Our vision is to turn money from a problem to a solution. Money is social: when we spend, save, invest or run a business, it impacts others; for us, a financial literate person is someone who does not harm others when managing money. It is not about ‘getting rich’. Financial responsibility is more sustainable than individualistic financial literacy.

Money is a problem when:

  • Many people struggle with debts: debts shape their priorities, push them to earn more, thus impacting the environment, stress them and foster inequalities, migration, vulnerability or even slavery.
  • The prevalent attitude is to ‘get rich now’: it makes people take unthoughtful and emotional decisions, believe in scams more easily and turn a blind eye to unethical practices.
  • Money is seen as personal: spouses or families don’t decide together, causing arguments, divorces and estate issues, and the impact of consumption or investment decisions on others is ignored.
  • Money is only seen as a technical topic: financial education is reduced to using relevant financial products, ignoring feelings, power struggle, social interactions triggered by finance.

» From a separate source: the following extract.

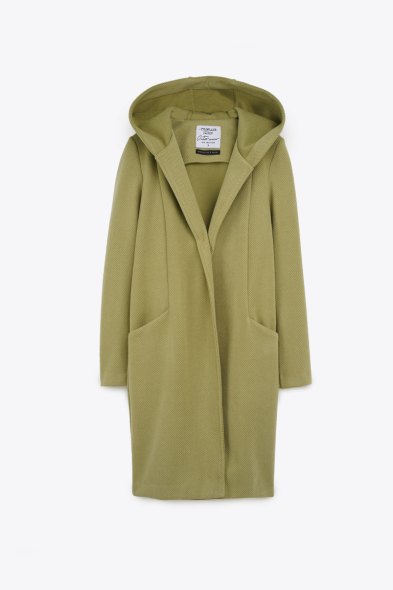 MANTEAU DOUX À CAPUCHE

a+b=3‘s training programmes aim to encourage:

  • Problem solving: to positively impact their lives, participants to our programme learn to analyse their problems – whether financial or not – and find practical solutions that work for them and their family.
  • Common sense and critical thinking: we use daily life language and situations and colourful pictures to make money less mysterious and build participants’ confidence.
  • Ethics and mindfulness: money is a social tool that links people: someone’s income is someone else’s expense. Honesty and fairness are more critical to make this world a better place than saving or planning.
  • Respect: Earning a low income doesn’t mean not being able to manage money. Each programme is highly participatory and built from what people already know.
  • Role-modelling: we empower social workers, NGOs staff, low-income people who then positively influence their peers and families.

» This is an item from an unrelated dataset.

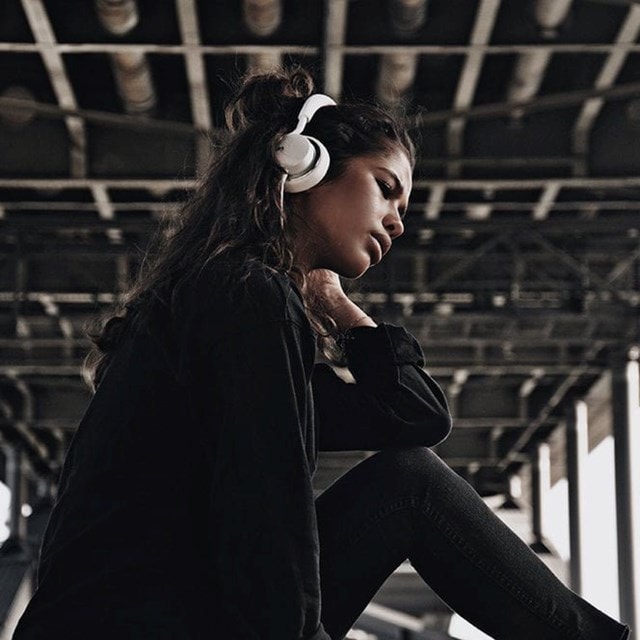 Jays U-Jays White/Silver iOS Headphones - 3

Money counts, people matter.

Our values

Impact

We focus on people and help participants to our programme analyse their financial problems and find practical solutions that work for them and their family. We use daily life language and situations and colourful pictures to make money less mysterious and build participants’ confidence.

Ethics

Money is a social tool that links people: someone’s income is someone else’s expense. Honesty and fairness are more critical to make this world a better place than saving or planning. We are independent from financial services providers.

Partnership and role-modelling

We empower social workers, NGOs staff, low-income people who then positively influence their peers and families. We are building a network of like-minded organisations, pooling our respective expertise.